Directions for this task => Could you copy exactly the lines from the one containing "Oh deer! What a year" through the last line of the records below, leaving out any pictures?
** Opening Data under study block **
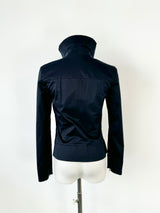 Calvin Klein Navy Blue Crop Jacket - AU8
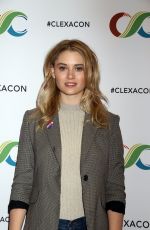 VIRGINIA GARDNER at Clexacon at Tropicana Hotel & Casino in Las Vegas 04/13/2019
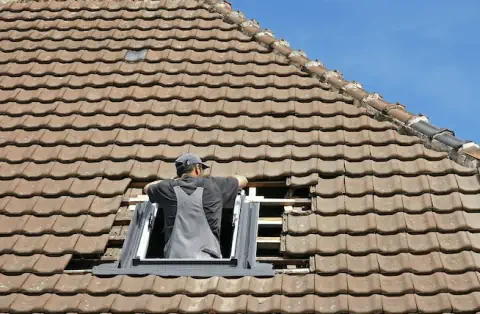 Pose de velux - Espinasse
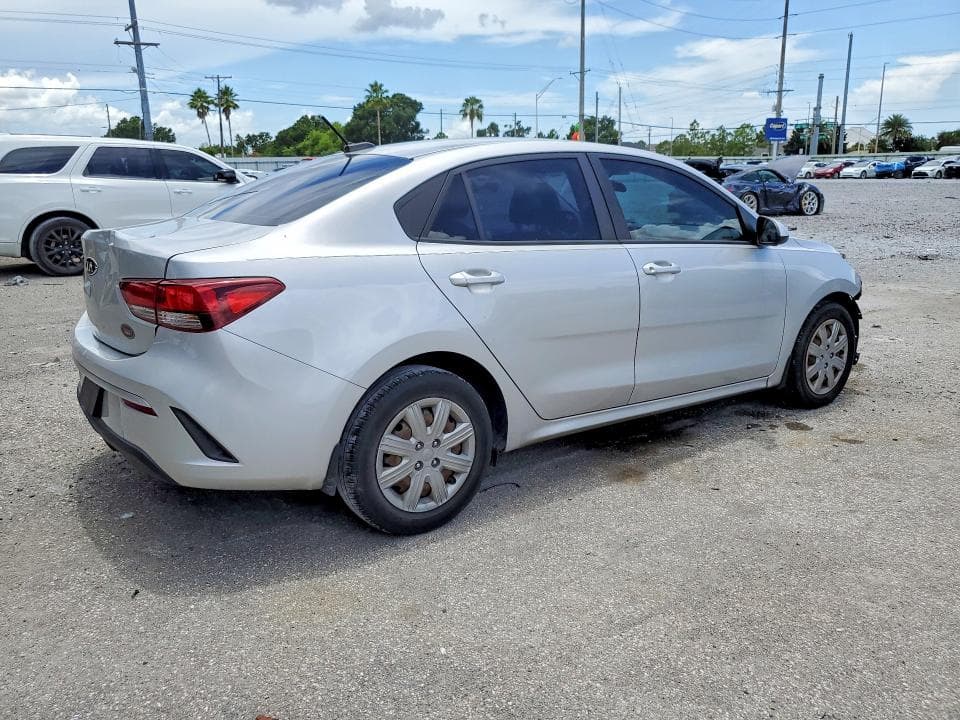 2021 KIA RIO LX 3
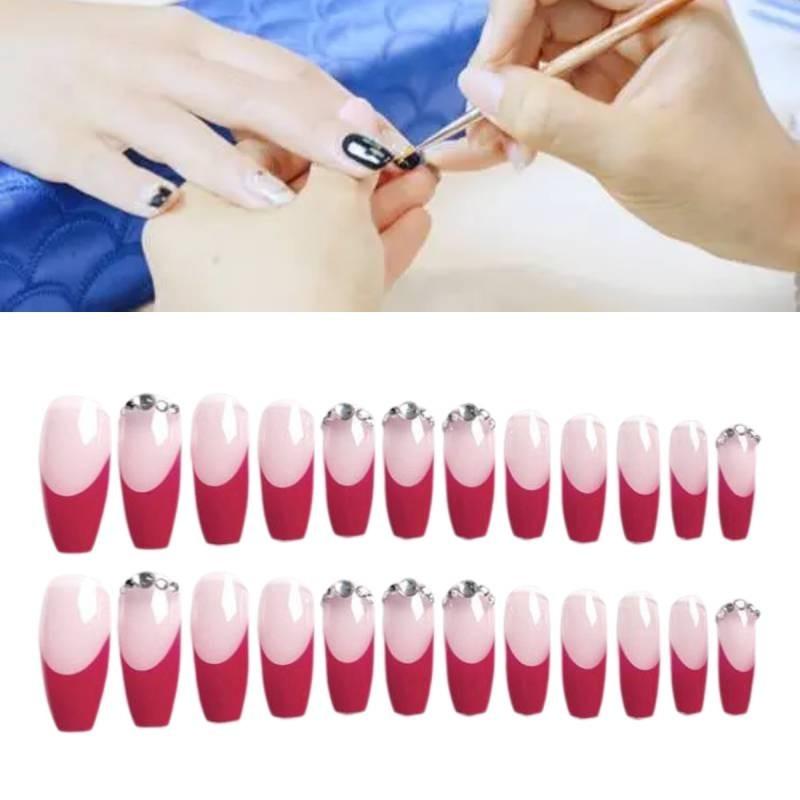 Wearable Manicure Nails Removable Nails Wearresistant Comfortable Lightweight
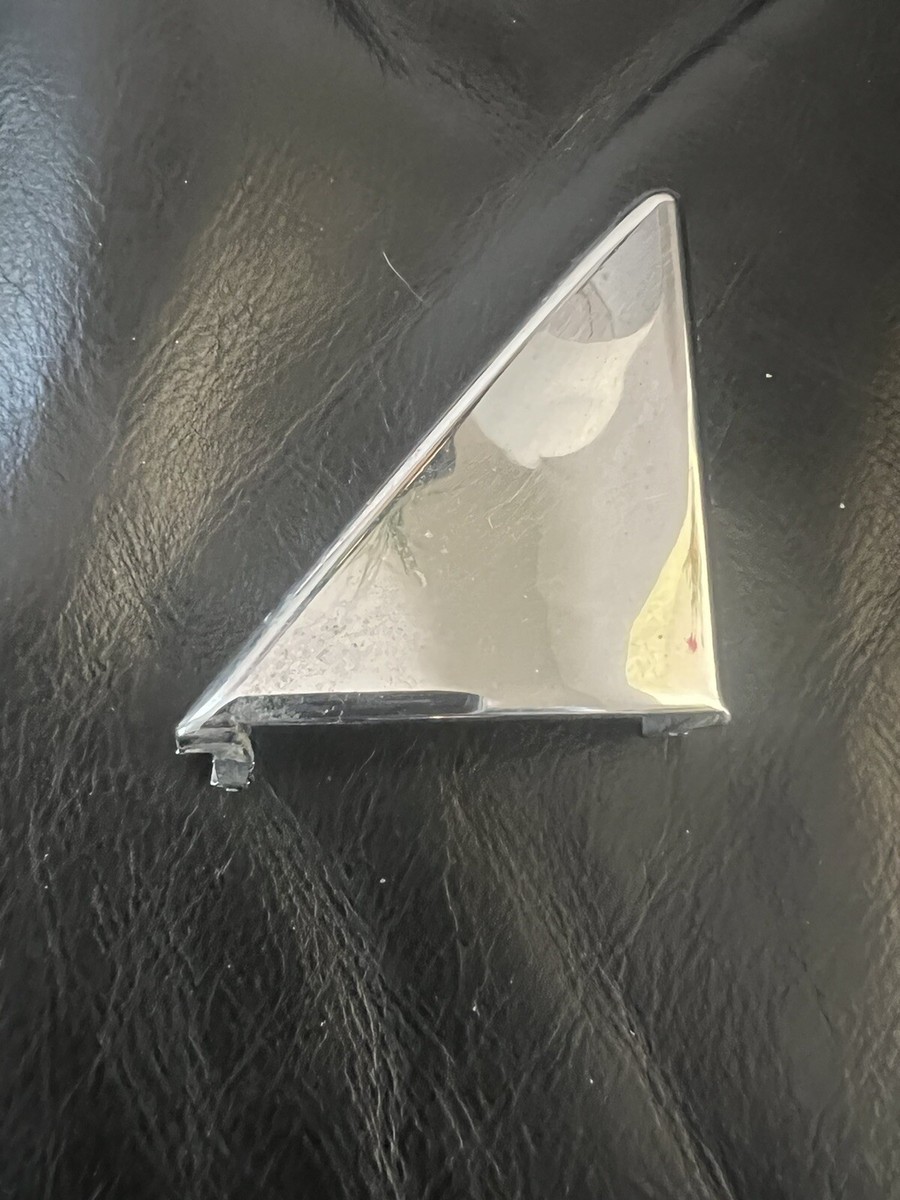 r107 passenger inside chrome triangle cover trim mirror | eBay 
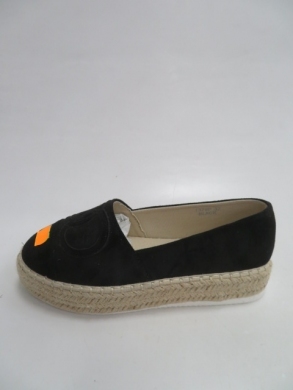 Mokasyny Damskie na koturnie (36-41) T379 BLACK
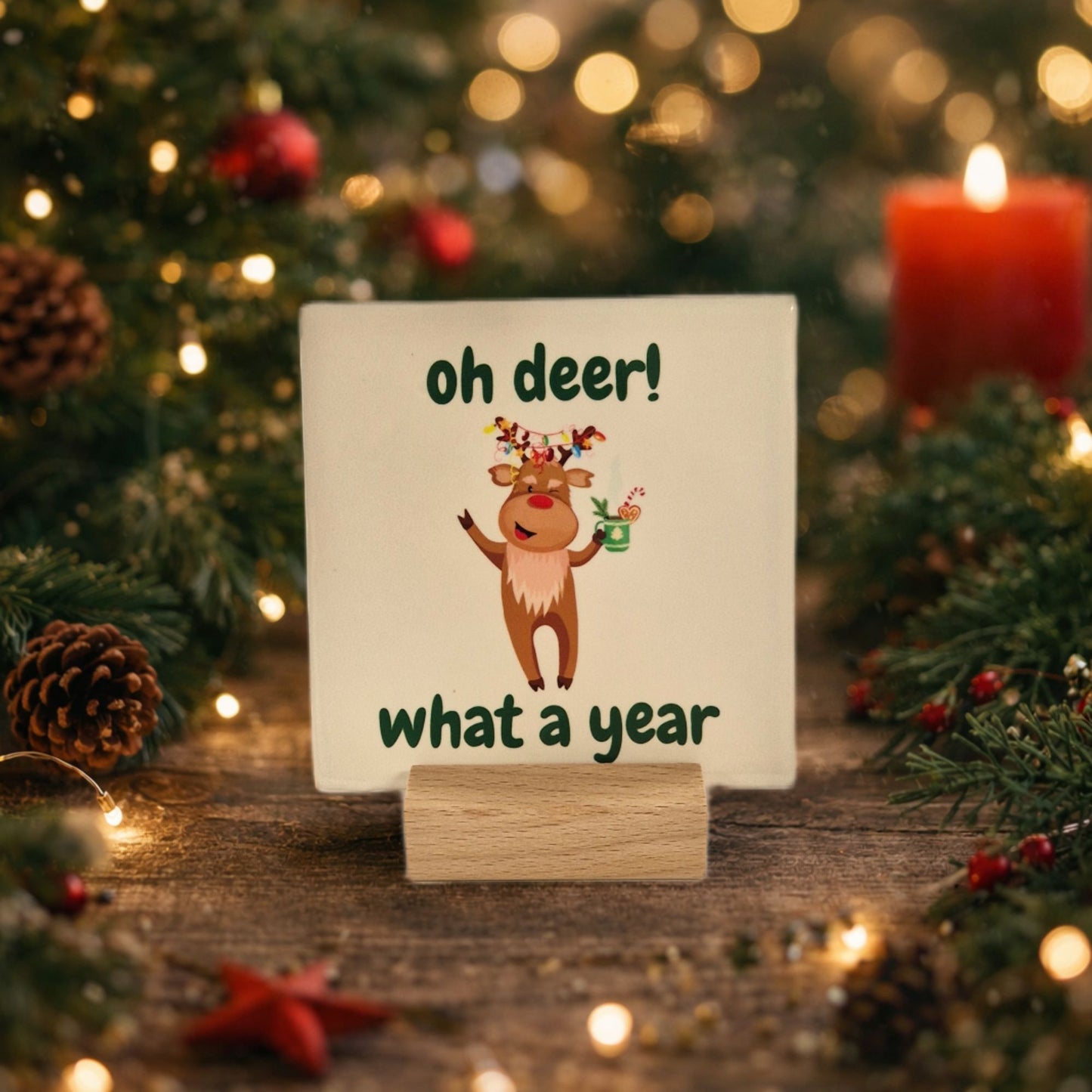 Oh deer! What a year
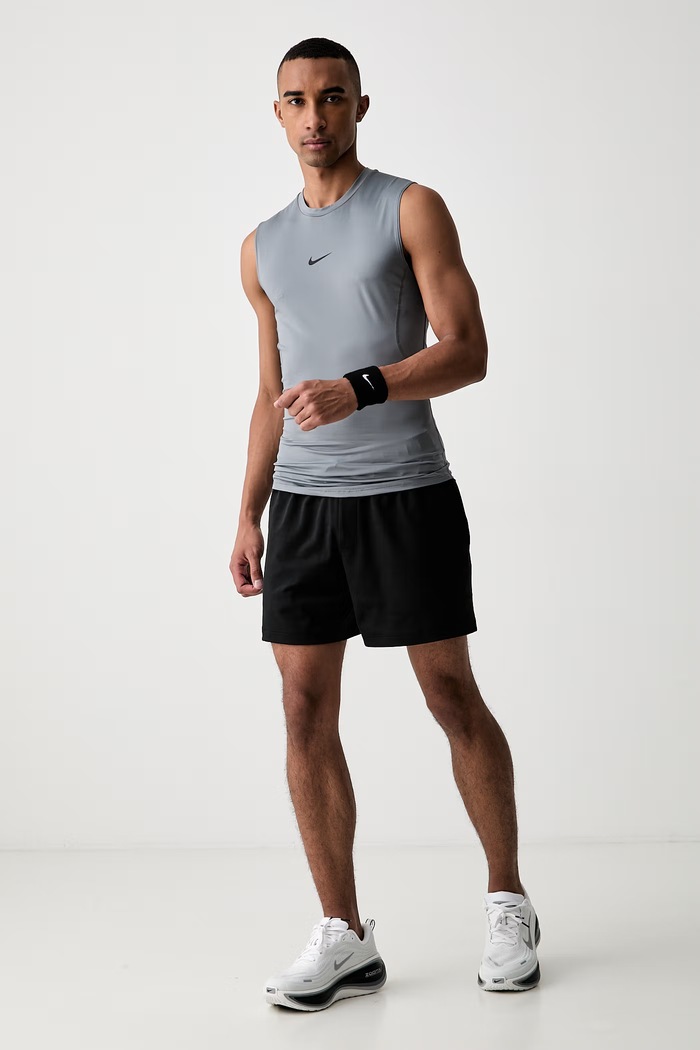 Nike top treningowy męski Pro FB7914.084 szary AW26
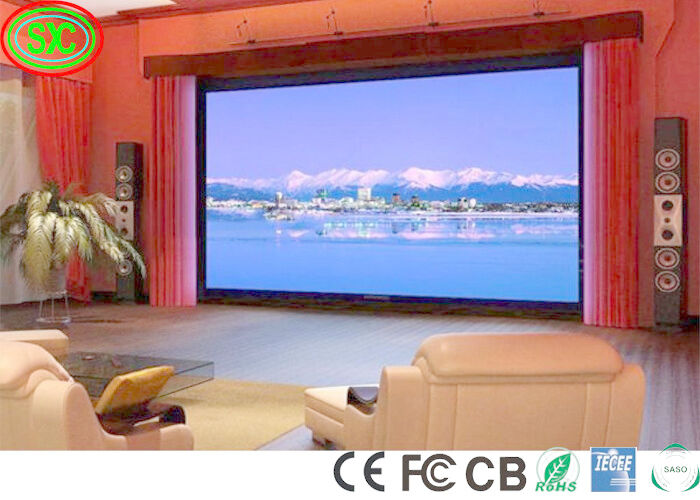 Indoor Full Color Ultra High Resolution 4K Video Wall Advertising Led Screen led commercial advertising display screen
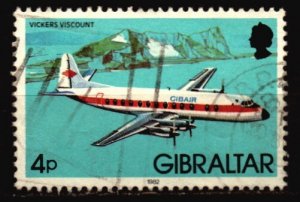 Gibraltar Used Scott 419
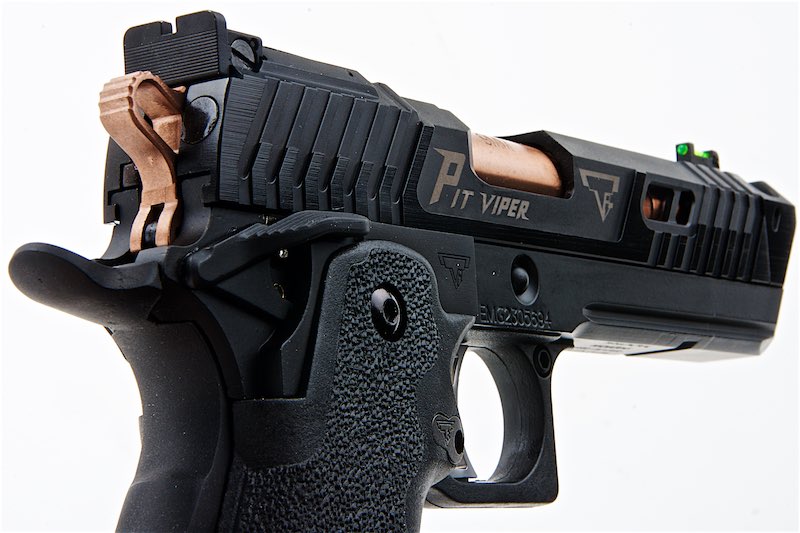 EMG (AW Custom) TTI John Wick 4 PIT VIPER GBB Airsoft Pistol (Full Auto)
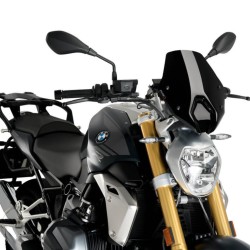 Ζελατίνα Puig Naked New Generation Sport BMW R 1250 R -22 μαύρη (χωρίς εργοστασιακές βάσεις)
** Closing Data under study block **
Response below =>
 Oh deer! What a year
 Nike top treningowy męski Pro FB7914.084 szary AW26
 Indoor Full Color Ultra High Resolution 4K Video Wall Advertising Led Screen led commercial advertising display screen
 Gibraltar Used Scott 419
 EMG (AW Custom) TTI John Wick 4 PIT VIPER GBB Airsoft Pistol (Full Auto)
 Ζελατίνα Puig Naked New Generation Sport BMW R 1250 R -22 μαύρη (χωρίς εργοστασιακές βάσεις)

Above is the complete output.